Saturday 8 June 2024



"In an early text on “Capitalism as Religion,” Benjamin remarks on the ritual functions of the capitalist economy, which serve to “allay the same anxieties, torments, and disturbances to which the so-called religions offered answers.”[6] Unique among religions, capitalism is “purely cultic” with “no specific body of dogma, no theology”—that is, it is composed solely of the ritual actions that tie its practitioners to the cult without recourse to theological explanations or justifications for those actions. Certainly, theological reasoning abounds among the devotees to capital, as Marx shows aptly in his skewering of the “metaphysical subtleties and theological niceties” that infest the discourses of economics.[7] But these discourses are secondary to the rituals of investment, divestment, speculation, and manipulation that make up the cultic dimension of capitalism. With this concretisation of the cult comes a changed ritual experience of time:

“Capitalism is the celebration of a cult sans rêve et sans merci [without dream or mercy]. There are no ‘weekdays.’ There is no day that is not a feast day, in the terrible sense that all its sacred pomp is unfolded before us; each day commands the utter fealty of each worshiper.”[8]

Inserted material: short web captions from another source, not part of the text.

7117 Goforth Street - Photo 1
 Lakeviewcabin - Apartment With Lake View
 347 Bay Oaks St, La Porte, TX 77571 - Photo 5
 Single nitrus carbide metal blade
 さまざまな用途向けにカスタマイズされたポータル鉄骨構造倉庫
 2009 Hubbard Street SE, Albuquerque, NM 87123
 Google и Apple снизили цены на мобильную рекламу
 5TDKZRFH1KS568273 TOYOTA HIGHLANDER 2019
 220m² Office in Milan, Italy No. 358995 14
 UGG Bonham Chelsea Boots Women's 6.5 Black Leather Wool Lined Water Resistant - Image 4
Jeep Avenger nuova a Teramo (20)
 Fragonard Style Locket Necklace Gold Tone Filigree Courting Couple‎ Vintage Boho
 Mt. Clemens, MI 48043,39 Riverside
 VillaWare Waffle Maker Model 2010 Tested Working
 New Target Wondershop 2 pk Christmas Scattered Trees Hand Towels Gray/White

That there are no weekdays under capitalism does not mean there are no workdays. Rather, because the capitalist feast day no longer marks a special period of remembrance set apart from other days, and instead becomes a generalised state of adherence to ritual, it begets a never-ending demand for worship. Every day requires a sacrifice, an offering to the God, with no days for ourselves in between. As Deleuze and Guattari observed in Anti-Oedipus, or as David Graeber has noted more recently, capitalism is a state of generalised, infinite debt, spiritual and economic, which we labour endlessly in vain to repay.[9] In Benjamin’s words, “the cult makes guilt pervasive. Capitalism is probably the first instance of a cult that creates guilt, not atonement.”[10] With each tick of the clock, this debt can only increase, as the ritual demands of capital far outpace our abilities to meet them''.